Monday, September 16, 2013

Tales of fear

What's the next note?!
You've probably already read some of my lapse anecdotes. Those are scary stories in their own right, but this post is more about the fear that precedes a performance. Even though this blog is about memorization, there really aren't any differences between the fearful feeling of a memorized performance and that of a non-memorized performance. 

I think we all know the fear feelings of upset stomachs, restless colons, pounding heart, clammy palms, sweaty pits, and shaky hands. To some extent, all of this goes away when one becomes a more seasoned performer. As a memorizing musician, you probably have a greater degree of fear than one who doesn't memorize--or, at least in my humble opinion, your fear is much more greatly justified. 

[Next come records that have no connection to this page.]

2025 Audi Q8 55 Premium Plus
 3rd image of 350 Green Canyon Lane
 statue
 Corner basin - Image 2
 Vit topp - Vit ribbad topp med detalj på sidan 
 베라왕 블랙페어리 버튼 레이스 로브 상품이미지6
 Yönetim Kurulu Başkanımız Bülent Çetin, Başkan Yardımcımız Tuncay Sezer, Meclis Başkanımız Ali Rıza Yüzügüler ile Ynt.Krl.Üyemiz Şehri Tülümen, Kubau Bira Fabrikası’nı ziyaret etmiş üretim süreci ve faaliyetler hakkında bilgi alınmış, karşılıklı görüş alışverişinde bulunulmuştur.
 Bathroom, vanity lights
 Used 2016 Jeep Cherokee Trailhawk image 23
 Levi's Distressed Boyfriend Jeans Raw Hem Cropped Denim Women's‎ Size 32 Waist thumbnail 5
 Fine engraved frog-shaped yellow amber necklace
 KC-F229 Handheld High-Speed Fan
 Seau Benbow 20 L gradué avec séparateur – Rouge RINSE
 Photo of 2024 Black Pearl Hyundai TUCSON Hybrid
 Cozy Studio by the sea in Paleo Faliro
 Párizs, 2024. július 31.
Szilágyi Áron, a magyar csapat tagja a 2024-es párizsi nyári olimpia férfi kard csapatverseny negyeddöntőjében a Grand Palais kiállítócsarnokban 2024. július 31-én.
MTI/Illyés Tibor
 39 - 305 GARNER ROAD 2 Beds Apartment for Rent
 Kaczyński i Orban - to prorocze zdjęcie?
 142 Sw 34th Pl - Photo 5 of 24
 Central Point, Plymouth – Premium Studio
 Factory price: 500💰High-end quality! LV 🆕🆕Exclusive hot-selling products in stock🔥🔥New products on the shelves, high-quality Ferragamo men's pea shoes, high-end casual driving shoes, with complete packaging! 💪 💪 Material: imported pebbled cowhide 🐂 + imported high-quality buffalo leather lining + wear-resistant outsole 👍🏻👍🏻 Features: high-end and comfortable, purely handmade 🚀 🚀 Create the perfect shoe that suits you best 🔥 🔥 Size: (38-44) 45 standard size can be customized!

The most fear-inducing thing that happens to me is when, just before a performance, I'm playing through a piece and I have a lapse. This is quite common! For this reason, I always carry my scores with me. I know that I'm very well-prepared before a performance, but this is such an irrational occurrence that I, at times, have a very hard time visualizing or hearing the correct notes. One solution is to look at the score; another is to start at the previous landmark, after which I have no trouble getting back on track. Ultimately, these aren't true lapses (even though they are lapses) in that they're based in a degree of anxiety that, fortunately, doesn't really produce itself in the focused moments of a performance. My analysis is that, in playing just before a recital, one opens oneself up to a certain amount of nervous distraction, and the results are these irrational lapses. 

I noticed these types of lapses early on in my return-to-memory performances, so I got into the habit of a backstage ritual. Because backstage time can build anxiety, I would review all of my landmarks in reverse order, just as I do in my practice. The reviewing had the effect of calming my anxiety, and it put me into a good mental state. time I had a very long wait backstage before a concerto appearance. I had done all of my mental reviewing, and I was pacing a bit backstage. A stage hand came up to me and asked why I had a score in my hand. I said that I was reviewing the music. He, a theater guy, said, "Don't you know the rule about theater?" Of course I didn't: I'm a musician. "You never go over your lines before going on stage. That's a sure way to have a mishap."

Since then, I try not to review my music just before a performance. If I do any playing on stage before a concert, it's minimal, and I try not to play entire pieces. Backstage, I might review my tempi, especially as an accelerated heart rate can make for some hair-raising virtuosity. But now I rest in the confidence of what I knew when I left the house the morning of the performance: I can do this!